BMC Infect Dis. 2004 Jun 29;4:20. doi: 10.1186/1471-2334-4-20.
The question "Where have you been?" is a common one asked by doctors in Northern Europe and America when faced with clinical symptoms not typical of their country. This question must also arise in the clinics of developing countries in which non-autochthonous cases such as the one described here can appear. Important outbreaks of Leishmania infantum have been recorded in the last decade in several Latin American countries but its presence has not yet been recorded in Argentina. We report the first case of visceral leishmaniasis owing to L. infantum in this country.
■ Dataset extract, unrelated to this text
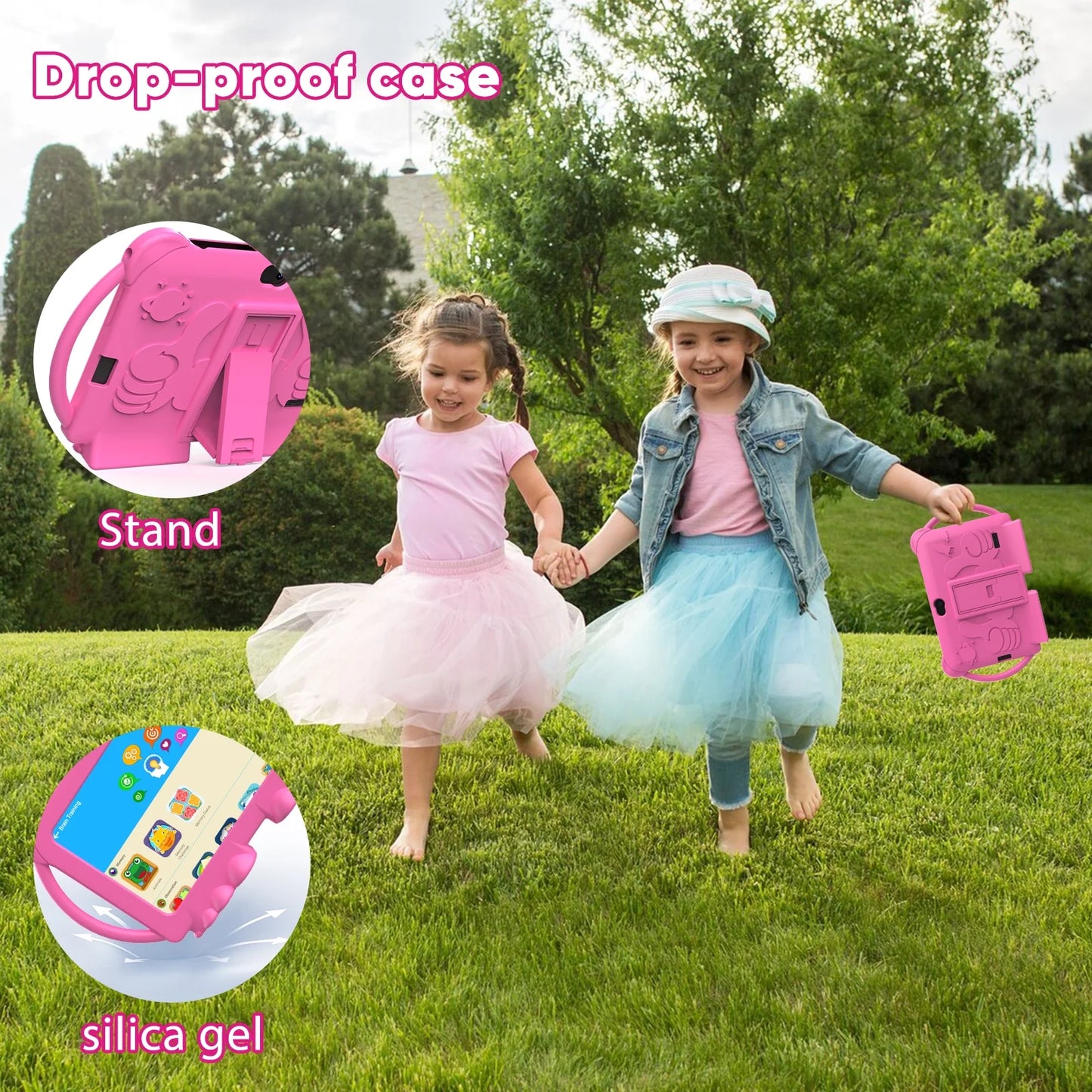 Kids Tablets 7 Inch Android 12, 4GB RAM 32GB ROM, 512GB Expandable, with Parental Control, Google Certified, Wifi, Bluetooth, Dual Camera with Silicone Case(Pink)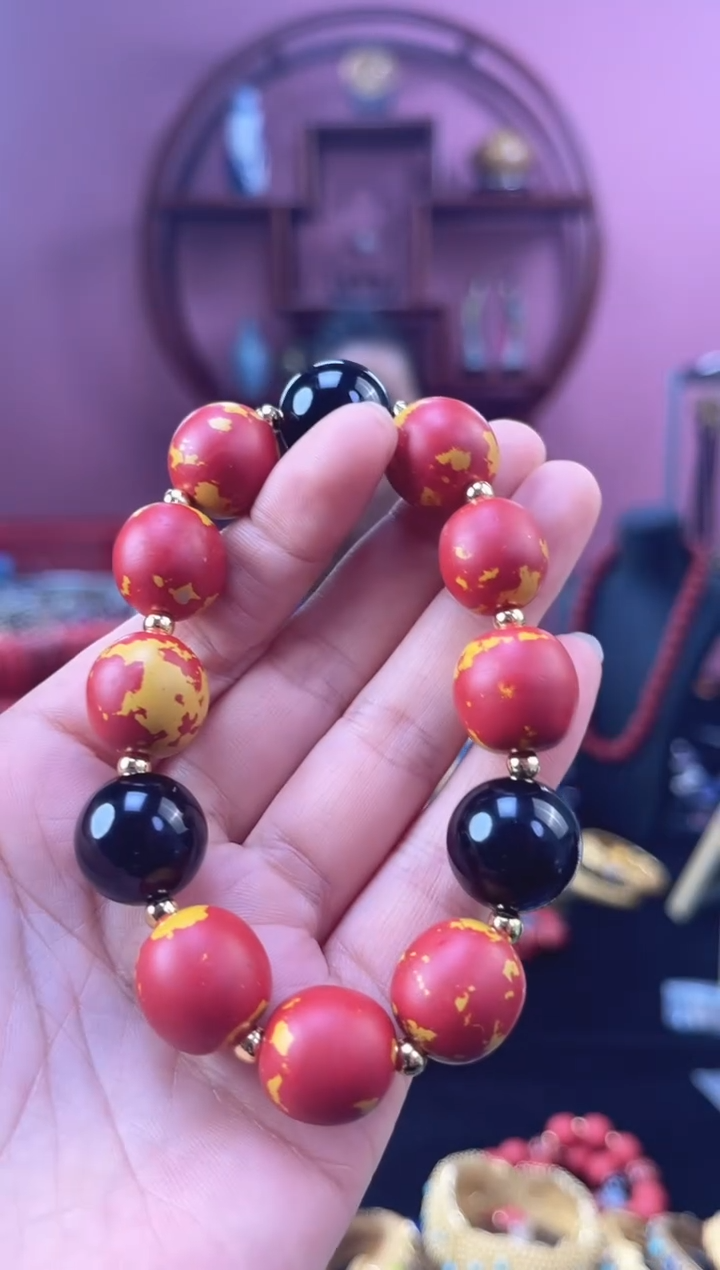 非遗 大漆手串 红黄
A 71-year-old Spanish woman who has been living in Mendoza, Argentina, during the last 40 years presented with a history of high fever and shivering, anemia, leukopenia and splenomegaly over two years. Argentinian doctors did not suspect visceral leishmaniasis even when the histological analysis revealed the presence of "intracytoplasmatic spheroid particles compatible with fungal or parasitic infection". After a serious deterioration in her health, she was taken to Spain where she was evaluated and visceral leishmaniasis was established. Specific identification of the parasite was done by PCR-ELISA, isoenzyme electrophoresis and RAPD-PCR.
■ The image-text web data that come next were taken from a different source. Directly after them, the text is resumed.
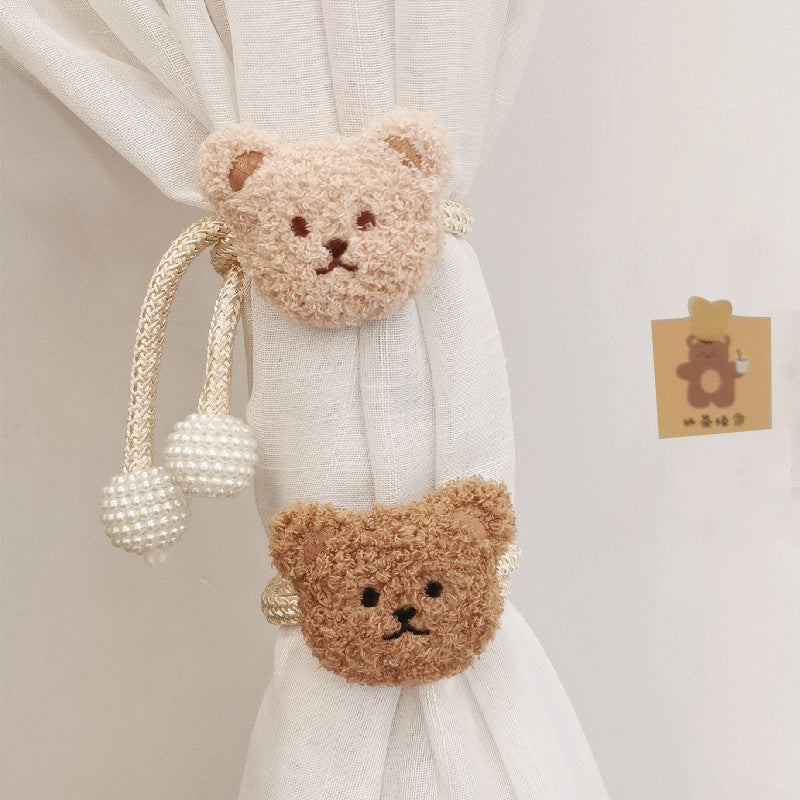 Ferma Tende Orsetto in Peluche con Cordoncino e Perle Decorative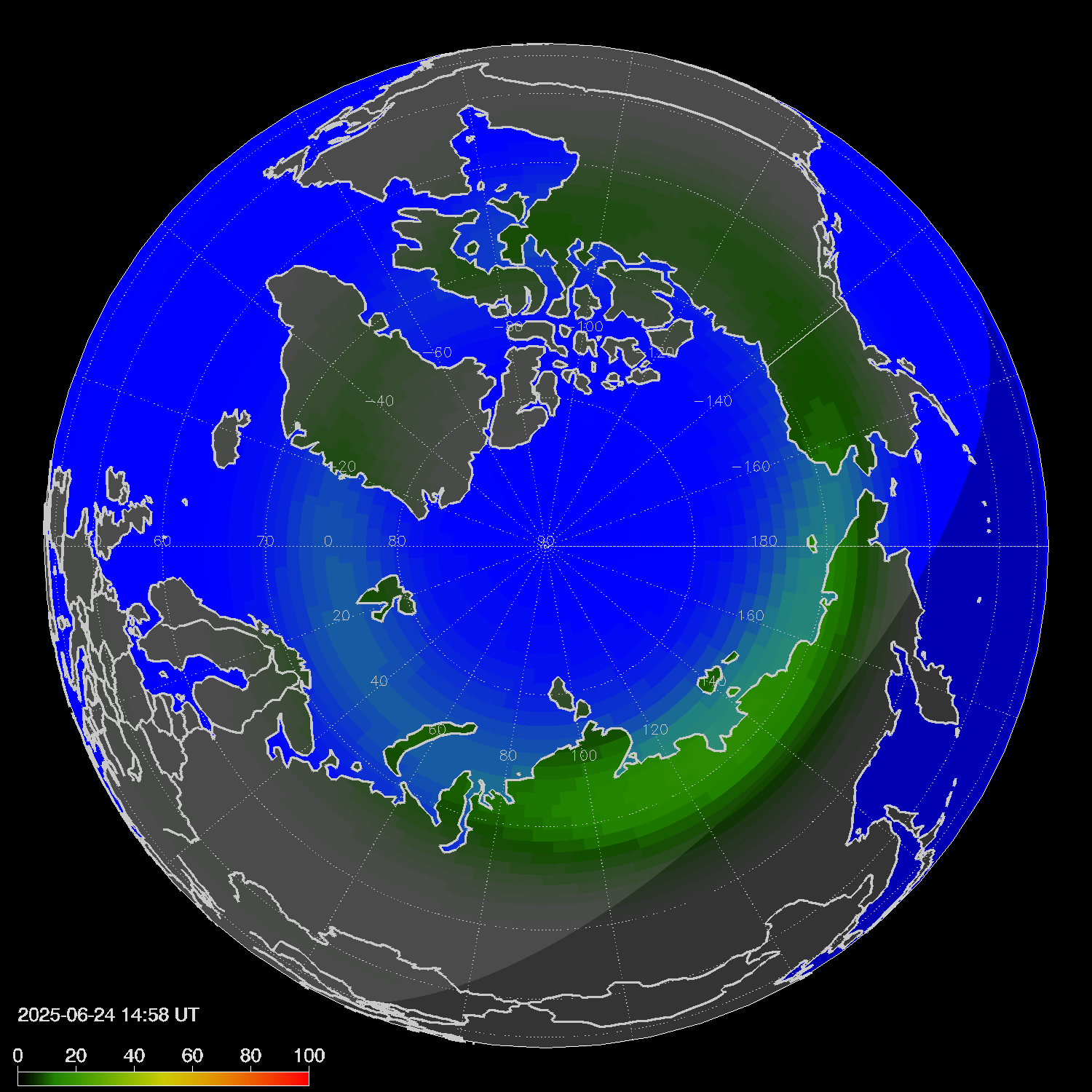 Northern lights (auroras) in the northern hemisphere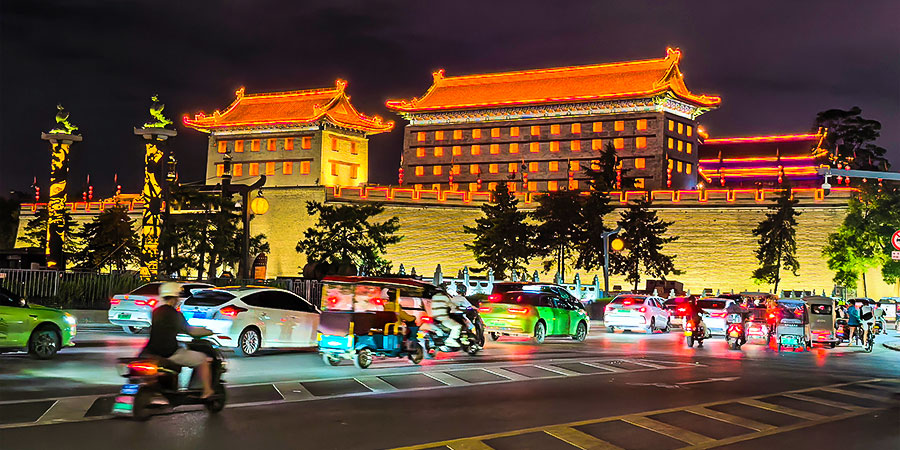 Illuminated Fortifications of Xi'an at Night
We would like to point out that: i) cases such as the one described here, which appear in non-endemic areas, can pass unnoticed by the clinical physician. ii) in countries in which these introduced cases reside, in-depth parasitological studies are required into vectors and possible reservoirs to rule out the rare case of local infection and, once infection has taken place, to ensure that this does not spread by anthroponotic transmission or a competent reservoir.
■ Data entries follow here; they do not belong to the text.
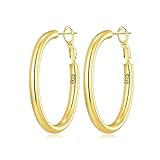 MOROTOLE Thick Gold Hoop Earrings for Women 14k Gold Plated Hoops Pendientes de aro de oro grandes ligeros hipoalergénicos Chunky Gold Hoops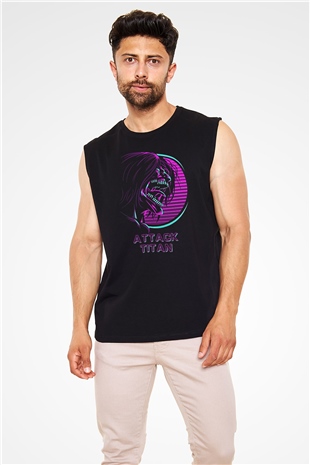 Attack On Titan Baskılı Unisex Siyah Kolsuz Tişört - Tshirt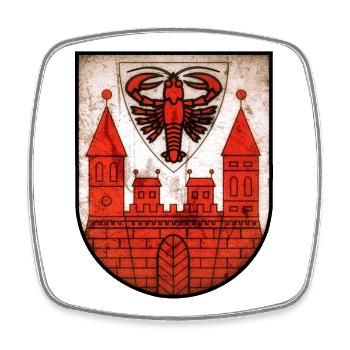 Cottbus - Cottbusser Wappen - Viereckiger Kühlschrankmagnet - Weiß - Vorne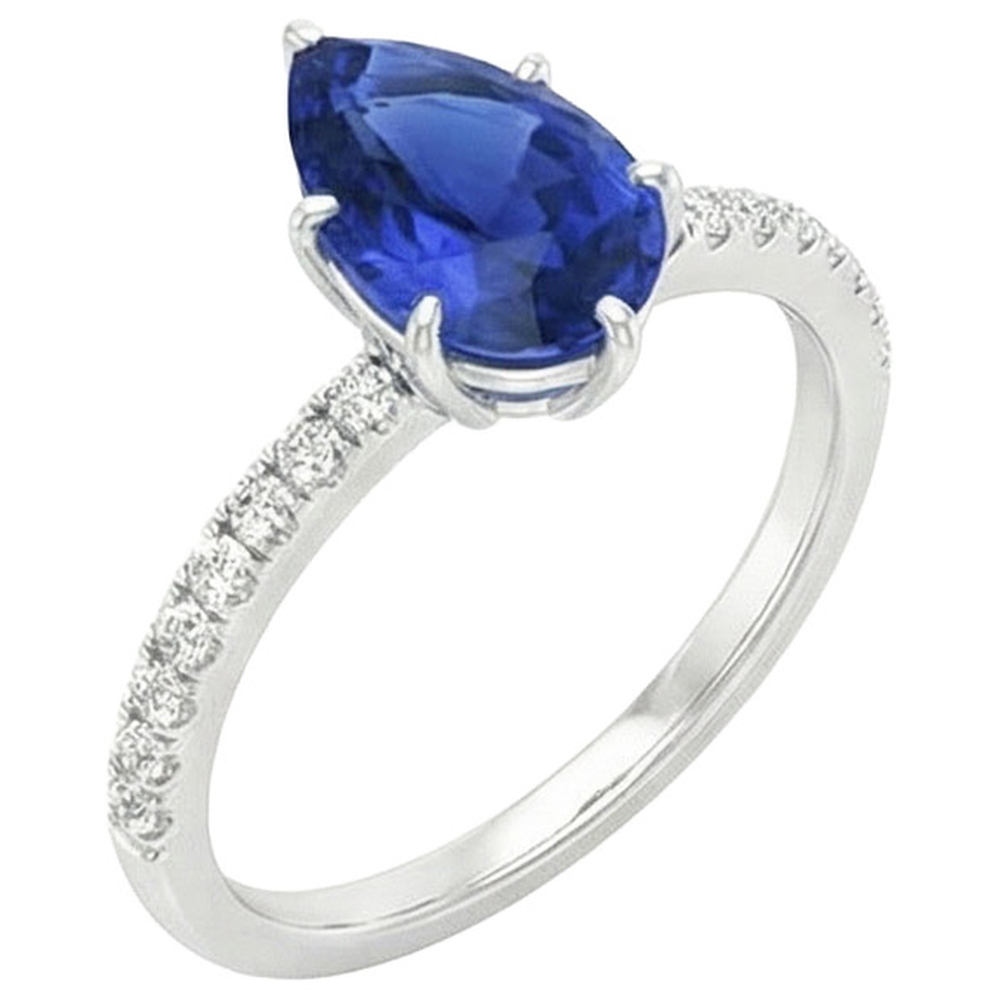 Solitaire Birne Ceylon Saphir Ring mit Akzenten Pave Set 3,75 Karat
“你去过哪里?”这个问题是北欧和美国的医生在面对非本国典型临床症状时经常问到的。在发展中国家的诊所里,当出现像本文所述的非本地病例时,这个问题也必然会出现。在过去十年中,几个拉丁美洲国家都记录到了婴儿利什曼原虫的重要疫情,但阿根廷尚未记录到其存在。我们报告该国首例由婴儿利什曼原虫引起的内脏利什曼病病例。
一名71岁的西班牙女性,在过去40年一直生活在阿根廷门多萨,出现了持续两年的高热、寒战、贫血、白细胞减少和脾肿大病史。即使组织学分析显示存在“与真菌或寄生虫感染相符的胞质内球状颗粒”,阿根廷医生也未怀疑内脏利什曼病。在她的健康状况严重恶化后,她被送往西班牙,在那里接受评估并确诊为内脏利什曼病。通过PCR-ELISA、同工酶电泳和RAPD-PCR对寄生虫进行了特异性鉴定。
我们想指出:i)像本文所述的这种出现在非流行地区的病例,临床医生可能会忽视。ii)在有这些输入性病例的国家,需要对媒介和可能的储存宿主进行深入的寄生虫学研究,以排除罕见的本地感染病例,并在感染发生后确保其不会通过人传人或有能力的储存宿主传播。